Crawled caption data
+++++

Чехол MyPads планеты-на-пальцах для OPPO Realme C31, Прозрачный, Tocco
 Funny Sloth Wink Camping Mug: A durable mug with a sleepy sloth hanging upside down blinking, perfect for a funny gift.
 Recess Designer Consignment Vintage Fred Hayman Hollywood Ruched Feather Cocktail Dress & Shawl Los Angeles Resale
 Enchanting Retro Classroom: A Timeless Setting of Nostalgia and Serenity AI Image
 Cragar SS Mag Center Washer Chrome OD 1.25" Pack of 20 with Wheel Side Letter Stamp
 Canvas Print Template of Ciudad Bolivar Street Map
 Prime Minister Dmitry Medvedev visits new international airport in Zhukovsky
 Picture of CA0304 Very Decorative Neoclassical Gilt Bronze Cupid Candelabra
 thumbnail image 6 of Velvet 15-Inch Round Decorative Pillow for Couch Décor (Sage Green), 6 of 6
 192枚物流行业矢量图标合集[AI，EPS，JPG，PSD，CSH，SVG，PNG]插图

+++++

WHAT IS BEING ASKED: Pick out each line above that includes "with" and show it.

REPLY:
 Funny Sloth Wink Camping Mug: A durable mug with a sleepy sloth hanging upside down blinking, perfect for a funny gift.
 Cragar SS Mag Center Washer Chrome OD 1.25" Pack of 20 with Wheel Side Letter Stamp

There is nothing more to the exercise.